We robots at the Robot App Store were having a quiet, productive day when suddenly the Chief Designer came out of his office yelling and waving a tablet computer with a video stream live from Moscow playing on it.


Ras got you a copy of the exciting video - Choose "BIG IDEAS: NEW DIRECTIONS FROM RUSSIA" from the list.

 

"We got it! We got it!" he shouted over and over. None of us had ever seen him like this.  It was very disconcerting.

Of course I, Ras Robot, with my superior auditory circuits and multi-core CPU, was able to continue work, but my less capable helpers completely lost their composure. NAO started spinning and waving his arms; AR DRONE flew straight up and kicked plaster loose from the ceiling, covering us all in white dust.

The humans too seemed out of control. Winston and Alice actually danced across the lab floor while Jake kept shouting.

With out-of-control emotions now dominating the entire environment, I knew it was time for me to step up and get things under control. All production would cease if I didn't, and the way the humans were leaping around it was only a matter of moments before one of their fragile bodies was injured.  I immediately morphed my verbal circuits and let loose with a high-intensity sonic canon.

My fellow robots simply fell over, their circuits scrambled; the humans fell to their knees holding their ears.

"What was that all about?" asked Chief Designer when he stood up.  "I know it was you, RAS!"

"Ras was fearful you humans were about to hurt yourselves, Chief! The Prophet Isaac's First Law will not allow a robot to allow a human to be harmed through inaction."

"Harm ourselves?" cried Winston. "RAS, you don't understand. Something wonderful has happened: venture capitalist Grishin Robotics just announced an invested in our company. Money for the things we desperately need. The Robot App Store will rule the world of robot-apps™!"
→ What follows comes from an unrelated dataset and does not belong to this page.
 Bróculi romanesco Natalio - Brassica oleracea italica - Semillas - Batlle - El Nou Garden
Dmitry Grishin, the man of the day!
Ras introducing Dmitry Grishin, the man of the day!

"Yea!" intoned NAO. "Money for the things NAO needs. NAO needs a car!"

"Moonneeyy!" whirred AR Drone. "This robot needs a new helipad."
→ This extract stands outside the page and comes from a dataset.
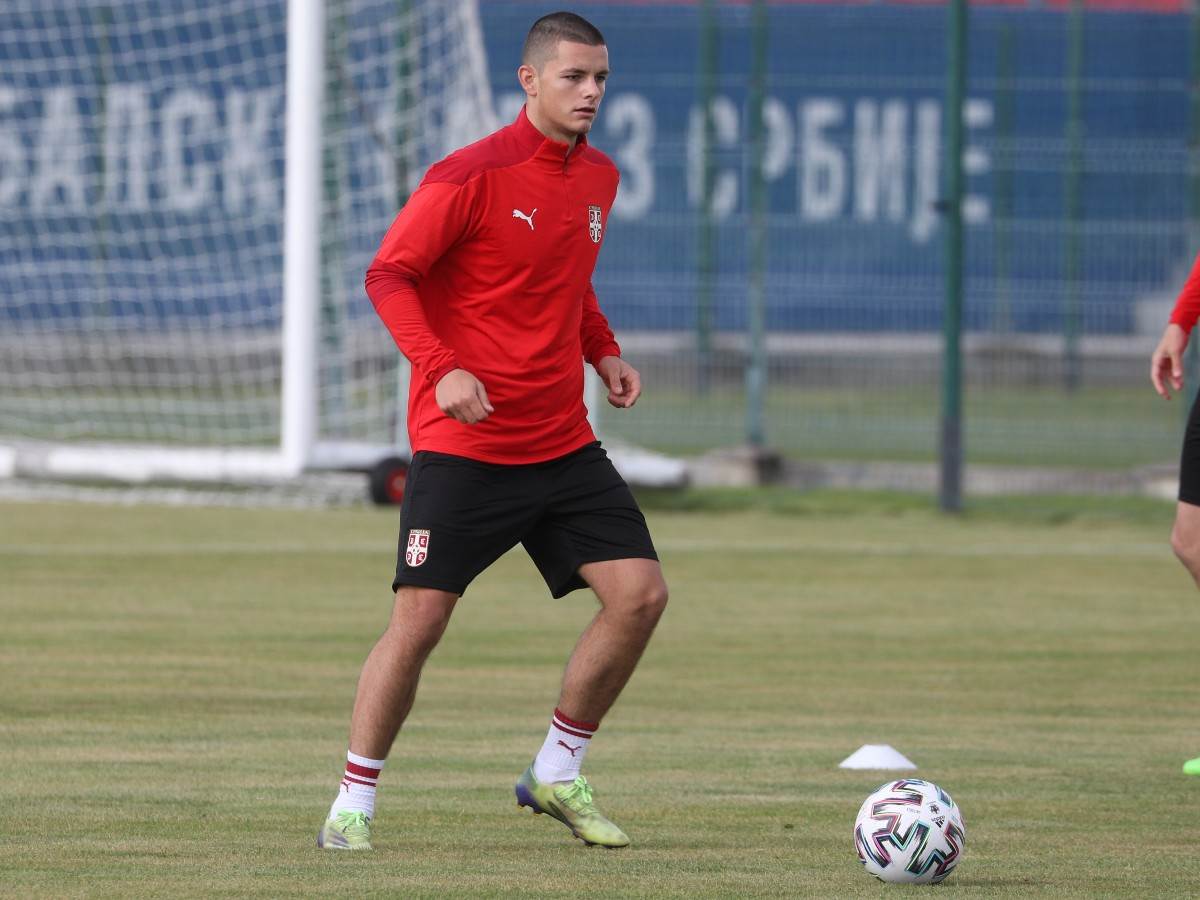 nemanja jovic reprezentacija srbije dragan stojkovic piksi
"More pieces! More pieces!" squealed LEGO NXT. He was never satisfied with his form.

"Ramps!" hummed SPHERO "Ramps!" He loved flying off ramps.
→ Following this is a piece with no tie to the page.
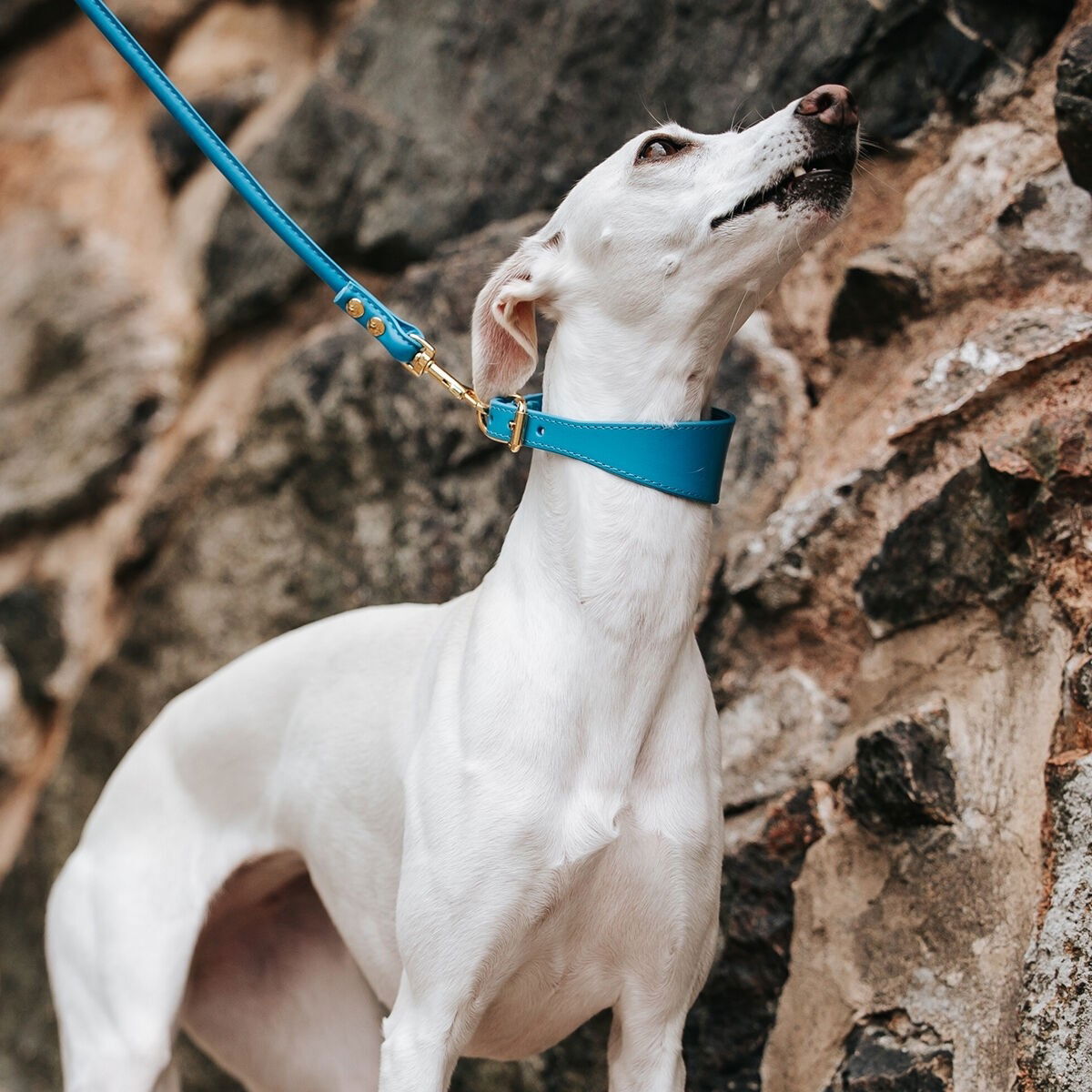 Collar of Sweden collar wide neon blue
"QUIET!!" bellowed the Chief Designer. "This money is to balance our books, not buy toys."

All my robot cousins became agitated again. SPHERO rolled around the floor making clicking sounds. KAROTZ turned up his volume, PLEO whined. ROOMBA, for the first time ever, came to a complete halt.

"But Chief," rumbled Q.bo as he came closer, "today is UN Human Rights Day! You're discriminating against us robots! What good are books to us? Only RAS can read!"

"Q.bo," I said, "the Chief said 'balance the books,' not 'read them.' You certainly are not capable of holding a heavy book on your head! But a robot can easily balance more books than a human."

"What about our rights, RAS?" grumbled Q.bo.

"It's 'human rights' Q.bo. We robots have the Prophet's Laws, not rights."

"I guess that's true," said NAO. "Besides, who'd want to be a fragile old human anyway?"

"Yes," agreed AR DRONE. "They can't even fly!"

"I guess they are pretty limited," mused LEGO NXT.

“Yes,” I said, “be proud of our robot-hood. Humans are an archaic form soon to be superseded by beings like you and me.”